**Problem**
Reproduce the entries shown below only from the line with "16/03/2014 : 1ère" down to the line with "Pesto Sunrise sandwich", keeping both end lines and copying each one exactly.

Extracted records

□ □ □ □ □ □ □

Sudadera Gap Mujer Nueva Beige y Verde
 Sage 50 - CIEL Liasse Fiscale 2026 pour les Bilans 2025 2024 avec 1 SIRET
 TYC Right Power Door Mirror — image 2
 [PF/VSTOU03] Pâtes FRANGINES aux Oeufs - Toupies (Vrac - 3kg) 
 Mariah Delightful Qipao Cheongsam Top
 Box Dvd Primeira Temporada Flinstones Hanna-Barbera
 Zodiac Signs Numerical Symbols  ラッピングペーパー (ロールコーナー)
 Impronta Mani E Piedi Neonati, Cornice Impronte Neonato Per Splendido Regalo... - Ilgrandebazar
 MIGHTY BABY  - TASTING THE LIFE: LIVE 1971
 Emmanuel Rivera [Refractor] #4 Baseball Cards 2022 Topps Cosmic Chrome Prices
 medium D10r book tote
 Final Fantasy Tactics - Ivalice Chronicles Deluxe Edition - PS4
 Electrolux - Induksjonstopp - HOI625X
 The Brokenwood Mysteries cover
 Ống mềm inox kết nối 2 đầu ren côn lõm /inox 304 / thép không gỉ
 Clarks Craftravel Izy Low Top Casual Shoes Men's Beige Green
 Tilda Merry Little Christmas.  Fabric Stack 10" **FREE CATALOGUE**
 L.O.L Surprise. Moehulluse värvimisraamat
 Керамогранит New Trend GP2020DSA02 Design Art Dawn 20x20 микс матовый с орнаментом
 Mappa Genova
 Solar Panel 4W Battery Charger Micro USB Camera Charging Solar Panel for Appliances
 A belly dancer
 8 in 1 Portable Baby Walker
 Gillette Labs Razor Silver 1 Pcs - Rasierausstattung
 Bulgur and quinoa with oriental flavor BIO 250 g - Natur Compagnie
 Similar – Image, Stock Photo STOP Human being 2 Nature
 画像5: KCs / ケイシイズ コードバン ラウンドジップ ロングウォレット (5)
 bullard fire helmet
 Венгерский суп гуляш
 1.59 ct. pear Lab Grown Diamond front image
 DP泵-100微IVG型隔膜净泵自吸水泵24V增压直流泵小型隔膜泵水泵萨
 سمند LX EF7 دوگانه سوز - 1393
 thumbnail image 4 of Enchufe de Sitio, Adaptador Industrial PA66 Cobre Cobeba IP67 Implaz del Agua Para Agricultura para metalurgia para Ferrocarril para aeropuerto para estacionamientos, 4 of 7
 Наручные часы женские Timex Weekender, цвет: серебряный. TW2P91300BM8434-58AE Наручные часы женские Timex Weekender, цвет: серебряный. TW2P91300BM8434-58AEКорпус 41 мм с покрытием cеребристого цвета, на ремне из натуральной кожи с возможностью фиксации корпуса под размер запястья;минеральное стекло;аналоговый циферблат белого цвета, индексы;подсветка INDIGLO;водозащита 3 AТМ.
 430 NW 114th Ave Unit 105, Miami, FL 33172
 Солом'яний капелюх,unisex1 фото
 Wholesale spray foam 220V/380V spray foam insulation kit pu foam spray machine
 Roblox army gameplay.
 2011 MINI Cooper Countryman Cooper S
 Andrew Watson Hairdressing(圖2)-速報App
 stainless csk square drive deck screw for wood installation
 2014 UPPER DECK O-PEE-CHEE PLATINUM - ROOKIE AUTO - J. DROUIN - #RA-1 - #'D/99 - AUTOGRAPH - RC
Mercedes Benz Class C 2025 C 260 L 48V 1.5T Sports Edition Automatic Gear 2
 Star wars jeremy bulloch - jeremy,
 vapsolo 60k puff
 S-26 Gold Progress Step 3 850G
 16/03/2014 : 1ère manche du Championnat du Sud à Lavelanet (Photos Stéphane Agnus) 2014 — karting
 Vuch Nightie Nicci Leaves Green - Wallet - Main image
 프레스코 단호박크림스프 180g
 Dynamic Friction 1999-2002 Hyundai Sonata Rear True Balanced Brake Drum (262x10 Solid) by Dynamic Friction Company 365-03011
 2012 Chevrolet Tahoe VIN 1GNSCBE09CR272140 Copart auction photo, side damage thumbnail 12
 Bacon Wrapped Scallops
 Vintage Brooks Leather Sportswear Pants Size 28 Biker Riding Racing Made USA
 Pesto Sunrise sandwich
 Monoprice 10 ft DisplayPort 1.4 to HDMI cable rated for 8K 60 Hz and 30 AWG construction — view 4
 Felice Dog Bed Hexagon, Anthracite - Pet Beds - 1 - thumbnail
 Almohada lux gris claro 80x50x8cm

□ □ □ □ □ □ □

**Solved problem**
 16/03/2014 : 1ère manche du Championnat du Sud à Lavelanet (Photos Stéphane Agnus) 2014 — karting
 Vuch Nightie Nicci Leaves Green - Wallet - Main image
 프레스코 단호박크림스프 180g
 Dynamic Friction 1999-2002 Hyundai Sonata Rear True Balanced Brake Drum (262x10 Solid) by Dynamic Friction Company 365-03011
 2012 Chevrolet Tahoe VIN 1GNSCBE09CR272140 Copart auction photo, side damage thumbnail 12
 Bacon Wrapped Scallops
 Vintage Brooks Leather Sportswear Pants Size 28 Biker Riding Racing Made USA
 Pesto Sunrise sandwich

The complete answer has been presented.